Pour the mix into a sprayed or buttered 9x13 baking dish. Even the mix out, top with the remaining cheese, and stick it in the nicely preheated oven. Bake the macaroni and cheese for 20 to 25 minutes until the cheese on top has melted and the edges are getting a bit brown and bubbly. I couldn't wait that long to eat it today so I cooked it for 18 minutes when the cheese was melted and the mix was bubbly but not brown. I thought it was amazing. I've also just straight up broiled the mac and cheese after cooking it for about 10 minutes and it turned out great too so feel free to experiment with cooking times and techniques, just try to resist grabbing some with a fork before its cooled a little.
Serve it up however you desire it and enjoy! 

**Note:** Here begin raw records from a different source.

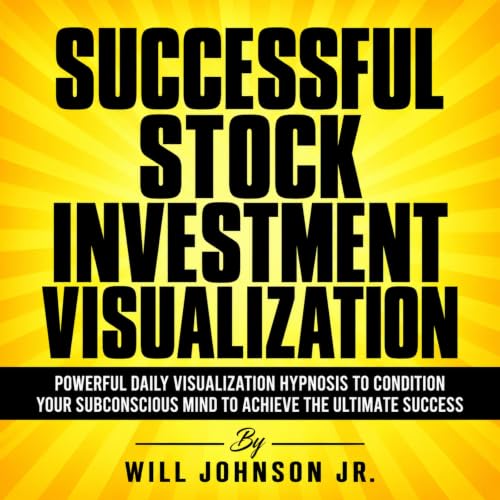 Cover of Successful Stock Investment Visualization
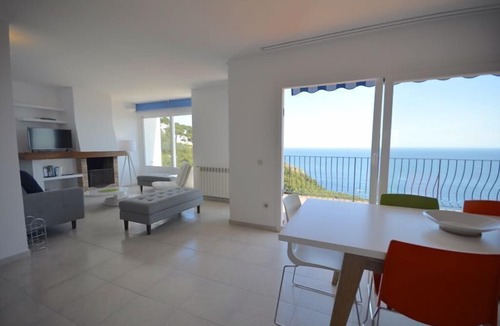 Aiguablava House | Holiday rental semidetached with swimming pool in Begur, Sa Tuna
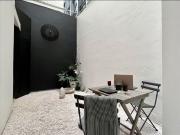 Depto, recién remodelado, amueblado, zona Rosa DV M5SPS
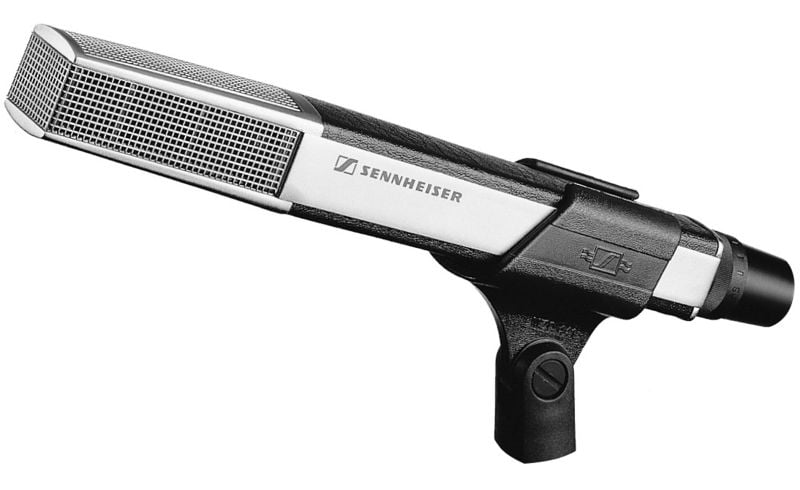 Sennheiser MD 441 U Micrófono Vocal MD441U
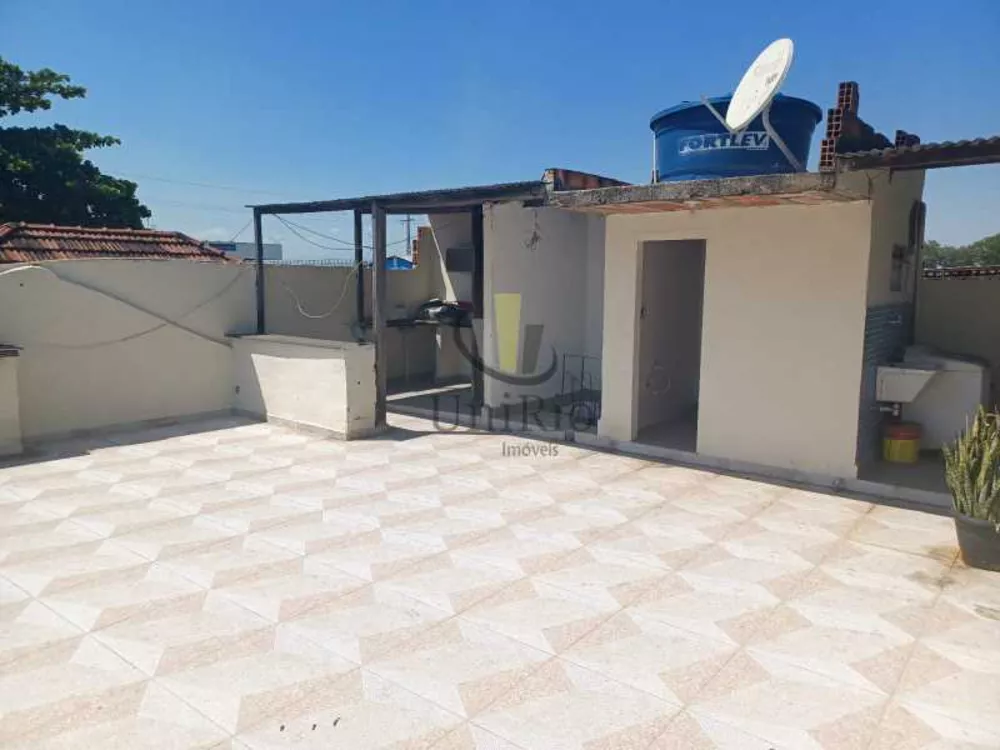 Cobertura, 2 quartos, 150 m² - Foto 19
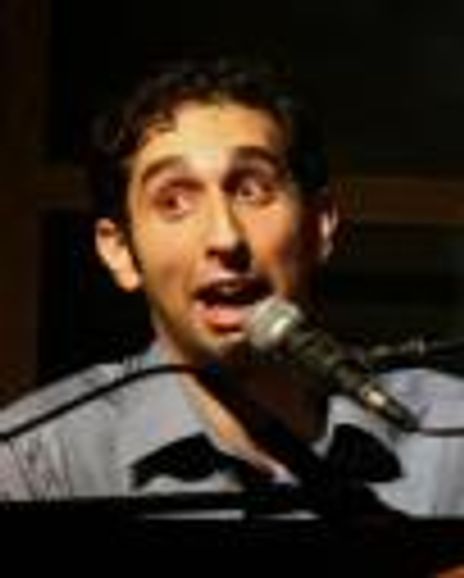 Nadav Wiesel Headshot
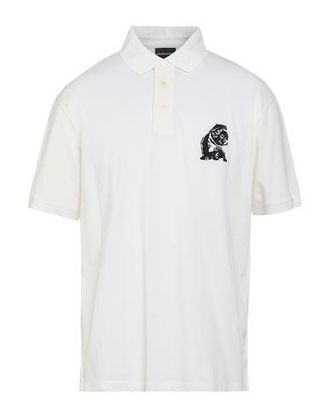 Emporio Armani TOPWEAR - Polo shirts sur YOOX.COM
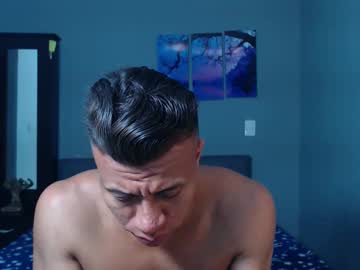 Lothbrok_Strong December 19, 2024 Chaturbate stream image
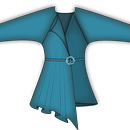 Diseño de moda en Adobe Illustrator. Een project van Textielontwerp van Silvia Rostán - 15.09.2025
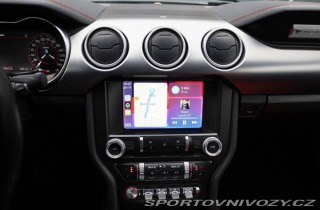 Ford Mustang 5.0 GT 2020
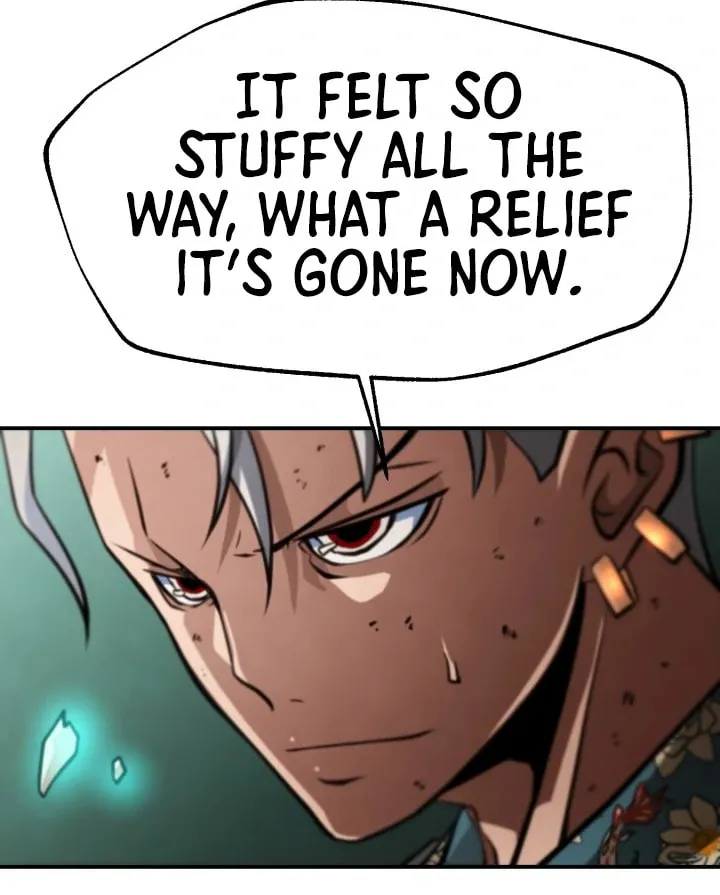 Who Killed the Murim Lord? Chapter 41 page 44 - 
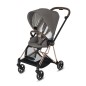 MIOS PACK SIEGE SOHO GREY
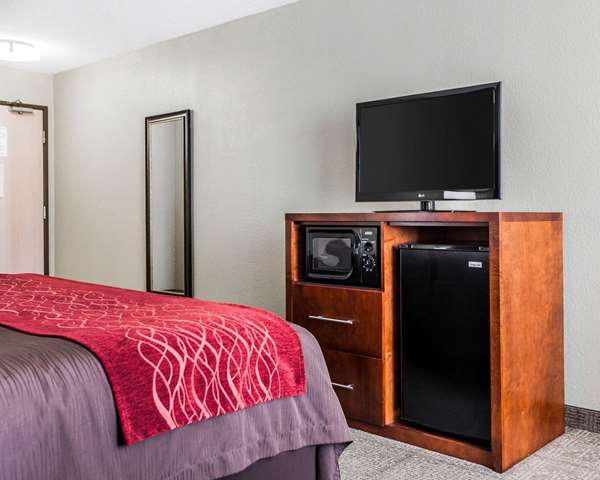  - Comfort Inn Moberly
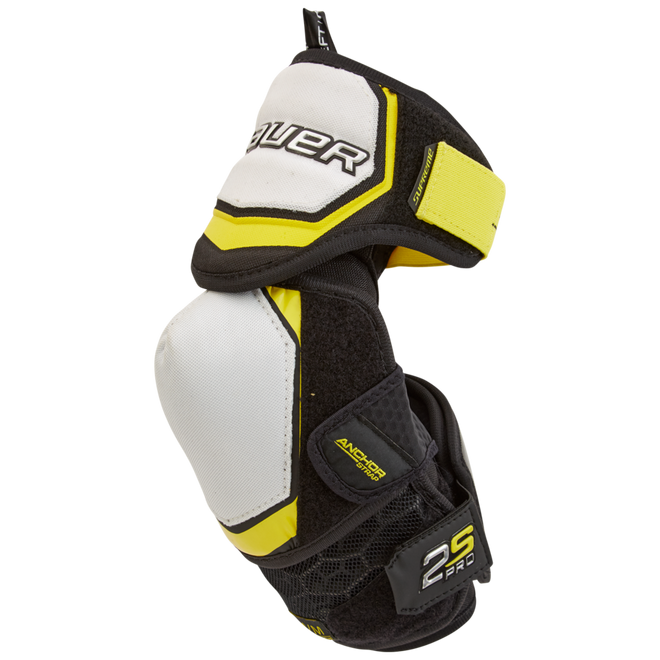Bauer Supreme 2S Pro Youth Elbow Pads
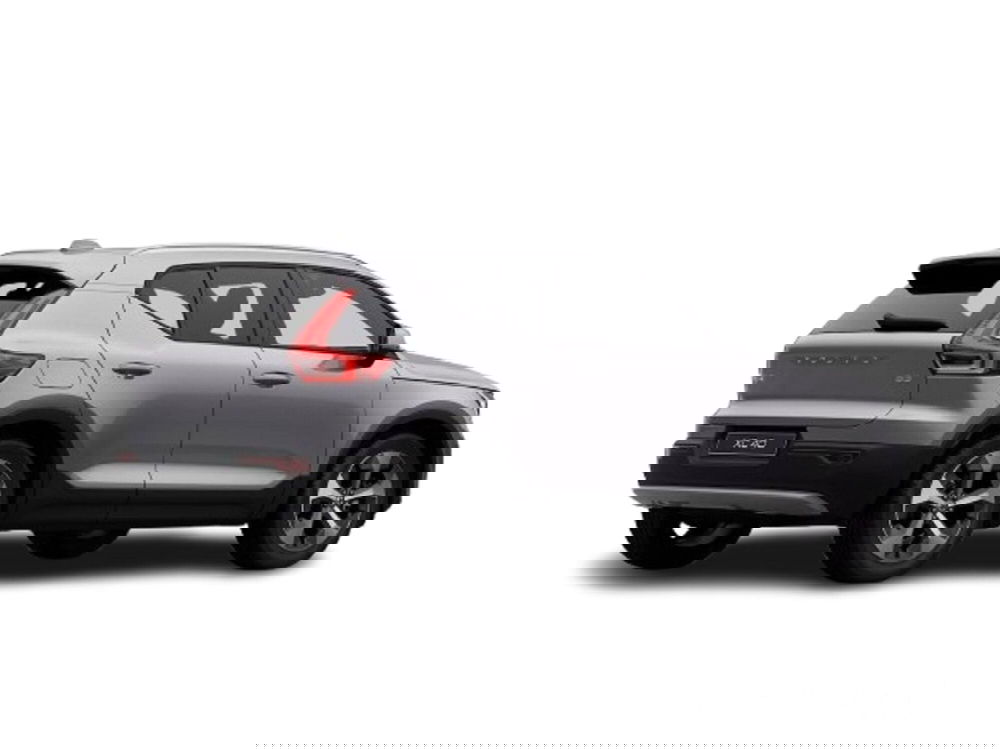 Volvo XC40 usata a Bari (5)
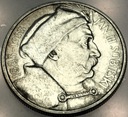 10 zł złotych 1933 Jan III Sobieski SREBRO (nr 1)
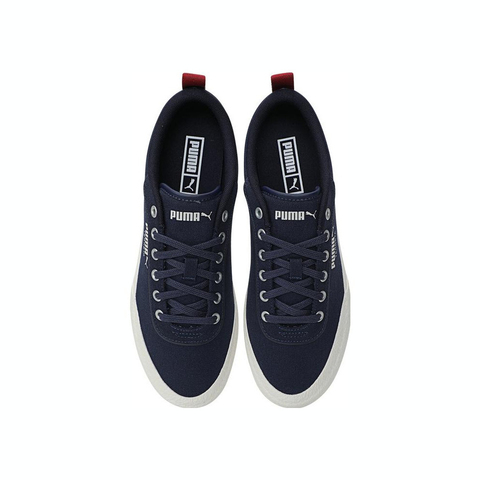 puma彪马2025中性中性-Puma Terreta-海军蓝-米白色生活其他系列40078102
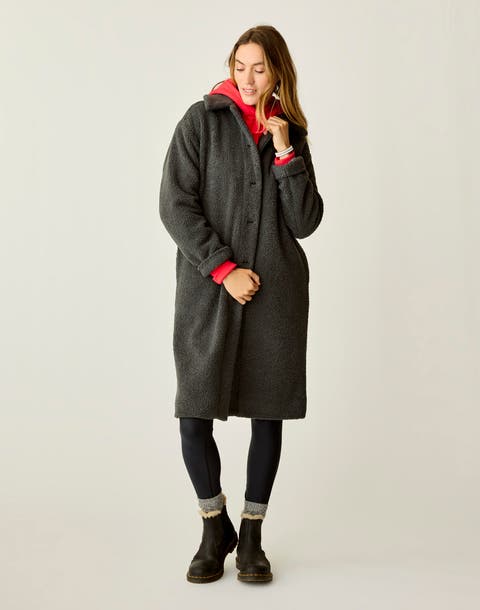 Sutton Boucle Jacket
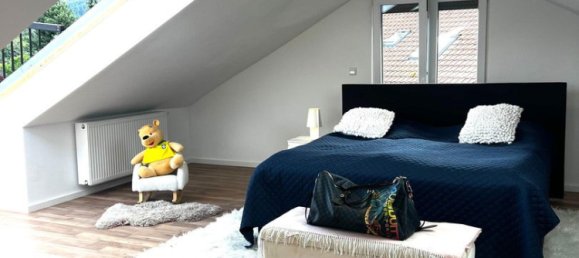 7-Zimmer Stadthaus in Baden-Baden, Germany, Nr. 304425 13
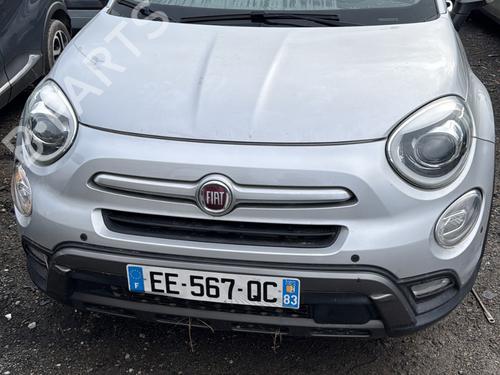 Front left interior door handle FIAT 500X (334_) 1.4 (334AXC1B, 334AXC11) | BP23799954I13  - Image 8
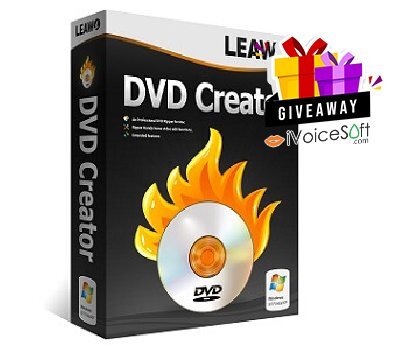 Tải miễn phí Leawo DVD Creator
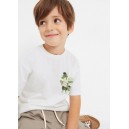 Chlapčenské tričko MAYORAL 3015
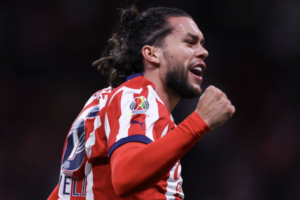 Americans Abroad Midweek Rewind: Cowell, Pulisic, and more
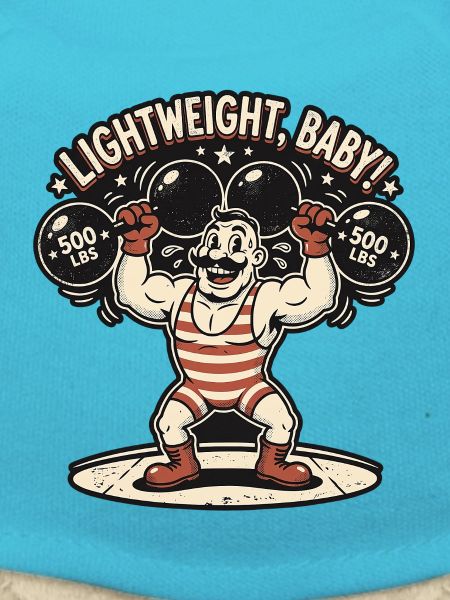 Oldschool Barbell Club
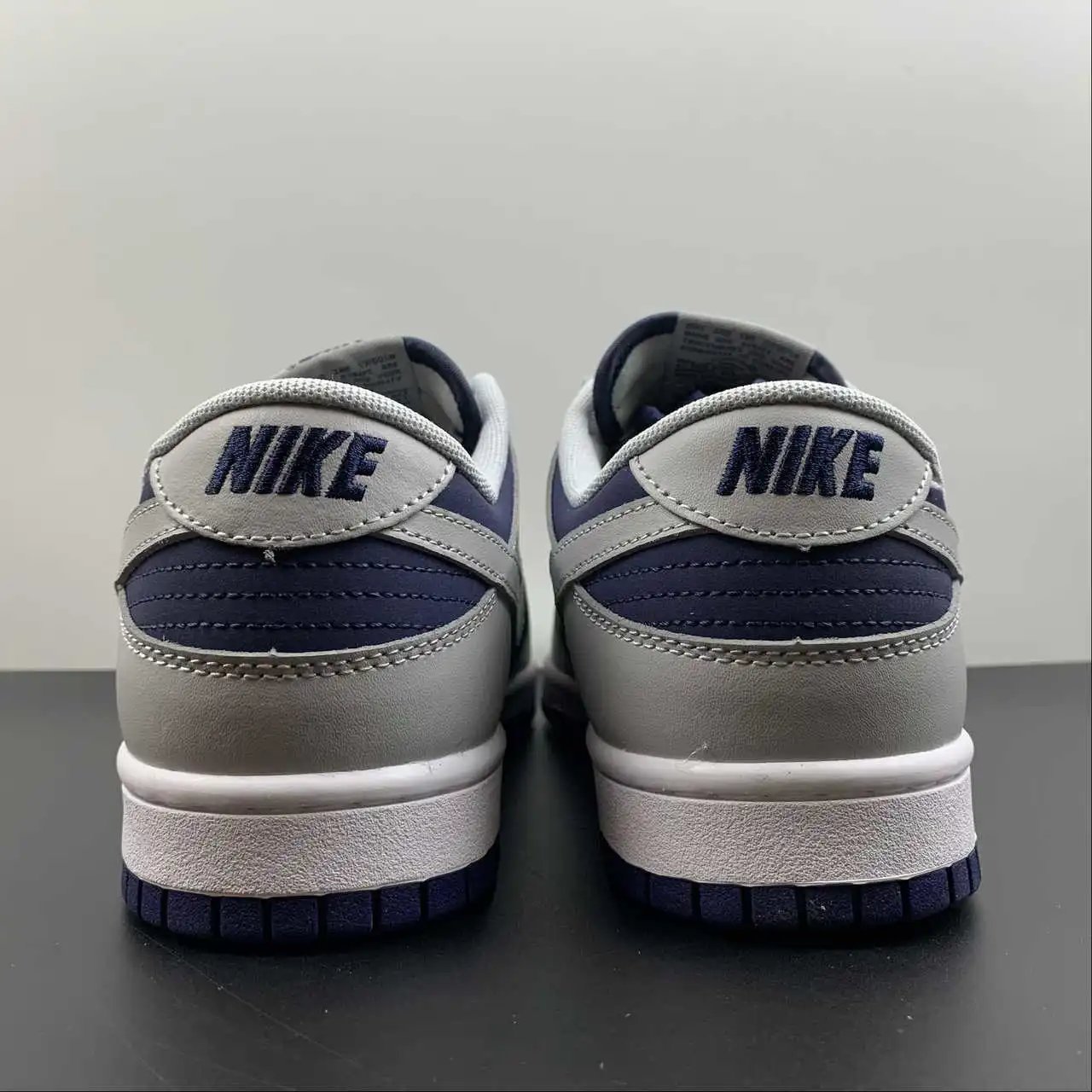 Nike Dunk Low 630358-401 11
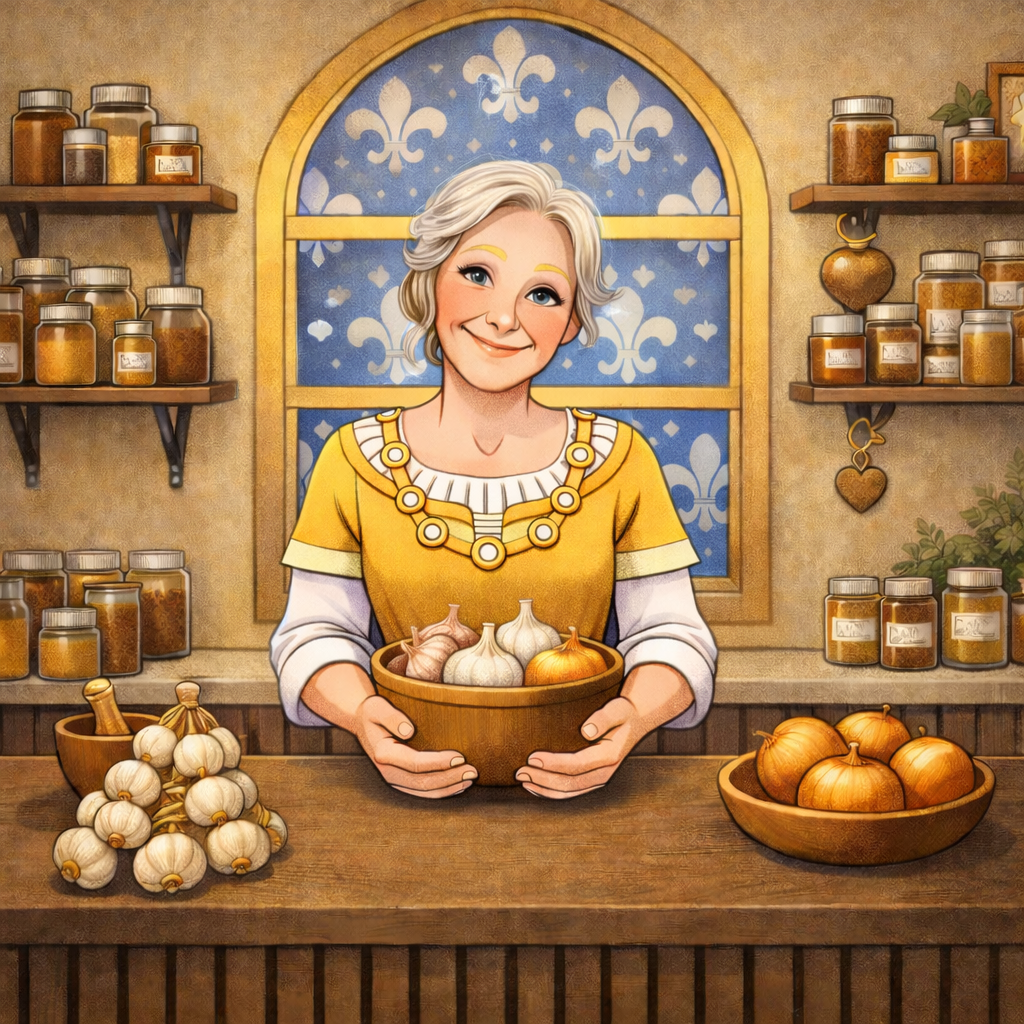 Oak City Spice Blends is a woman-owned, North Carolina–based spice company. Rooted in historical research and global food traditions, each blend is thoughtfully crafted in small batches using clean, high-quality ingredients— gluten frer, no additives, fillers, or preservatives. Inspired by medieval kitchens, historic spice routes, and heirloom recipes, Oak City Spice Blends bridges the past and present, helping modern cooks create deeply flavorful, approachable dishes with confidence. More than seasonings, these blends are storytelling tools—designed to make everyday cooking meaningful, memorable, and delicious.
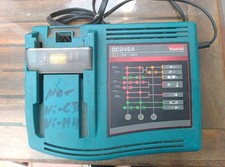 makita ladegerät original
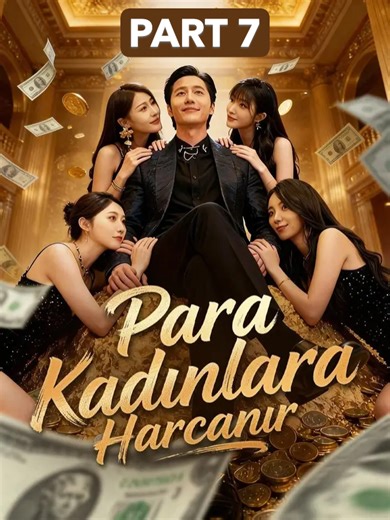 Para Kadınlara Harcanır Part 7: Eğlenceli Anlar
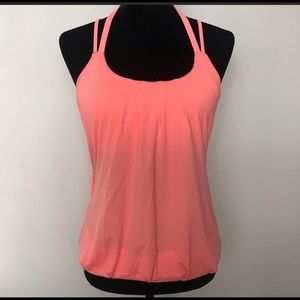 Lululemon Strappy Back Tank Top - Size 4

Like this recipe? Check out the rest of my blog you may find something you like. I'm more than Mac&Cheese I swear!


4 cups Dried Macaroni
1 Egg Beaten
4 Tablespoons Butter
¼ cups All-purpose Flour
2-½ cups Fat-Free Half and Half
2 teaspoons Dry Mustard, More If Desired
⅓ pound Smoked Gouda

½ pound Cheddar Cheese (any Kind You Want)
¼ pound Aged Clothbound Sharp Cheddar
½ teaspoons Salt, More To Taste
½ teaspoons Cajun Seasoning, More To Taste
½ teaspoons Ground Black Pepper


1. Preheat oven to 350 degrees
2. Cook macaroni until very firm, about three minutes. Drain and rinse with cool water.
3. Grate up a pound of your choice of cheese, reserve. 
4. -In a large pot, melt butter and sprinkle in flour. Whisk together over medium-low heat. Cook mixture for five minutes, whisking constantly. Don’t let it burn.
5. Pour in half and half with mustard added a bit at a time and whisk until smooth each time. Once all cream has been incorporated cook until very thick. Reduce heat to low.
6. In a small bowl, beat egg.Take 1/4 cup of the sauce and slowly pour it into beaten egg, whisking constantly to avoid cooking eggs. 
7. Pour egg mixture into sauce, whisking constantly. Stir until smooth and uniform in color.
8. Add in cheese and stir until melted, then add salt, pepper, and cajun seasoning. Taste sauce and add more seasoning if desired. Mix should taste salty, add more salt if needed. 
9.Add back in drained, cooked macaroni and stir to combine.
10. Pour mix into a greased baking dish, top with extra cheese, and bake for 20 to 25 minutes or until bubbly and golden on top. Serve and enjoy!